** Records for the exercise follows **
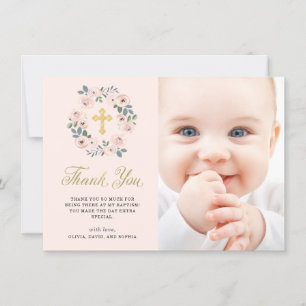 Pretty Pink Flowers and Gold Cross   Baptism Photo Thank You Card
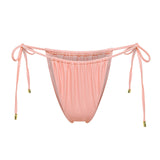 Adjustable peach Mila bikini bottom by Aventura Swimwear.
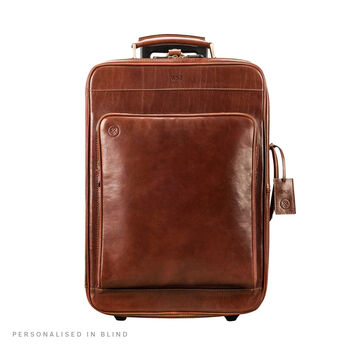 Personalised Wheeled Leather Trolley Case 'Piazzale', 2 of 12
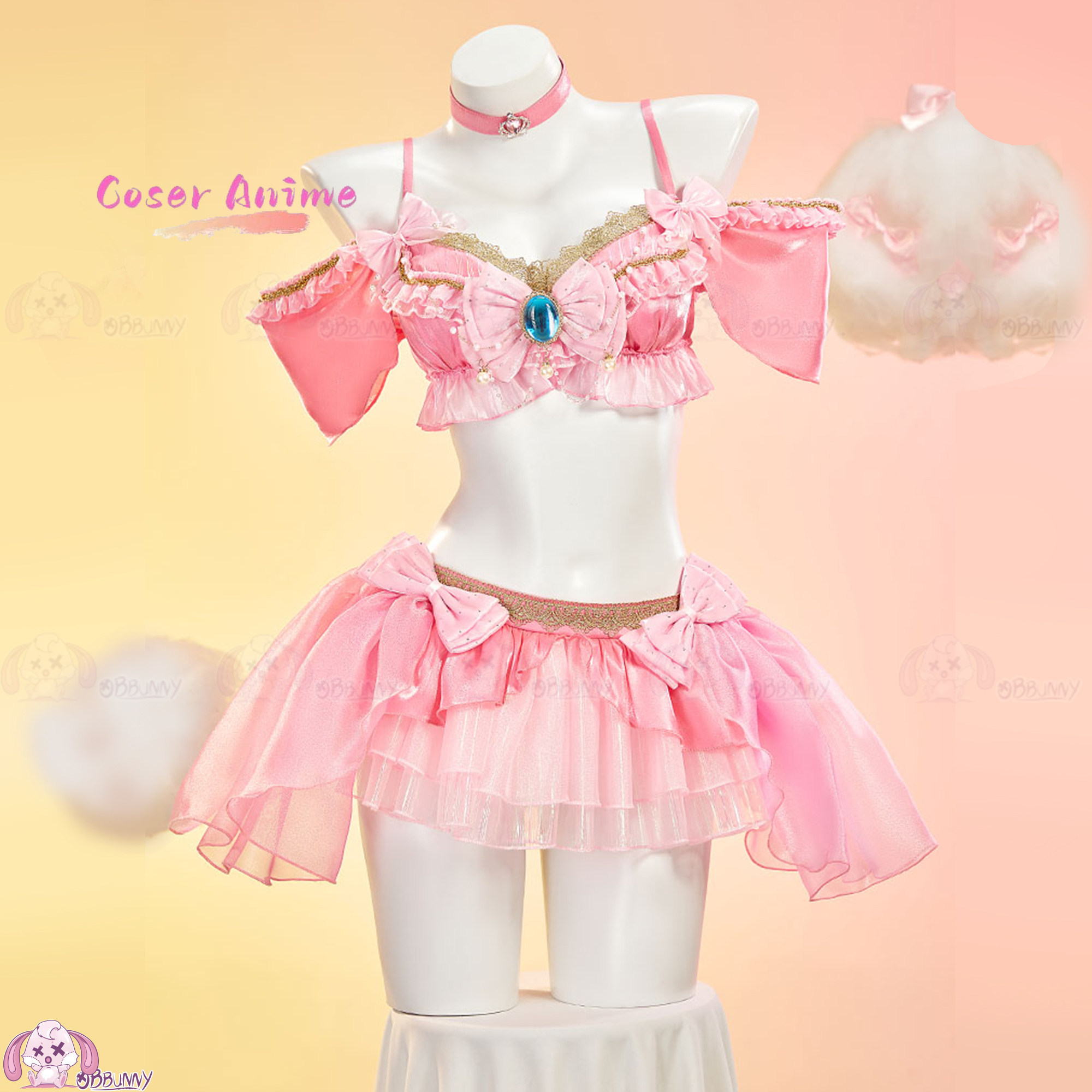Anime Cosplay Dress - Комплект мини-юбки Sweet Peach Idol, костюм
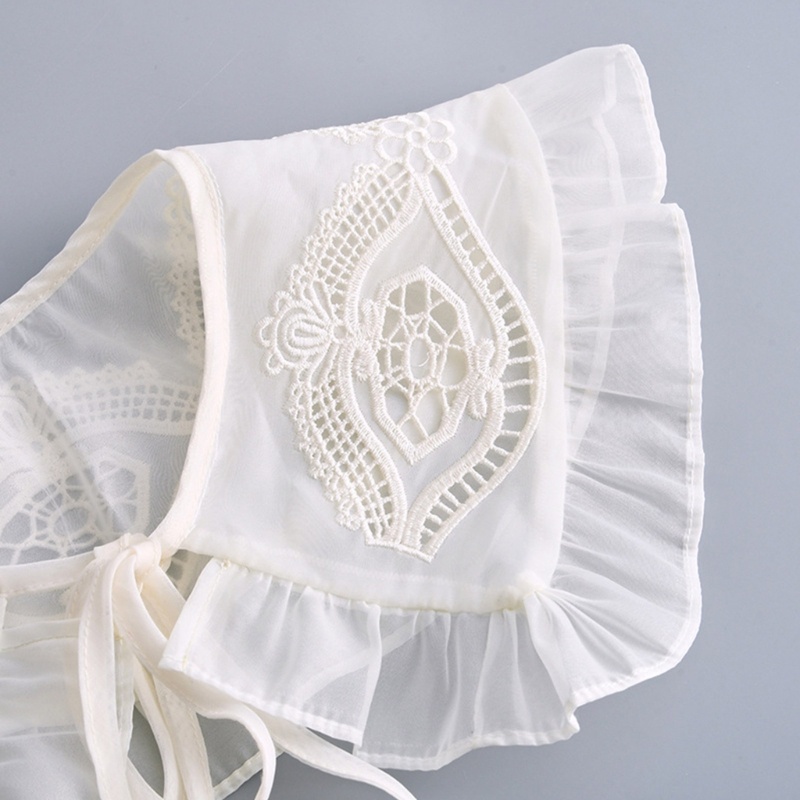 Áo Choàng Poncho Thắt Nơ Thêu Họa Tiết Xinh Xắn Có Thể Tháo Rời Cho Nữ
** End of Records for the exercise **
Problem details
Please repeat the data above exactly as it appears, pictures excluded.

Worked solution
 Pretty Pink Flowers and Gold Cross   Baptism Photo Thank You Card
 Adjustable peach Mila bikini bottom by Aventura Swimwear.
 Personalised Wheeled Leather Trolley Case 'Piazzale', 2 of 12
Anime Cosplay Dress - Комплект мини-юбки Sweet Peach Idol, костюм
 Áo Choàng Poncho Thắt Nơ Thêu Họa Tiết Xinh Xắn Có Thể Tháo Rời Cho Nữ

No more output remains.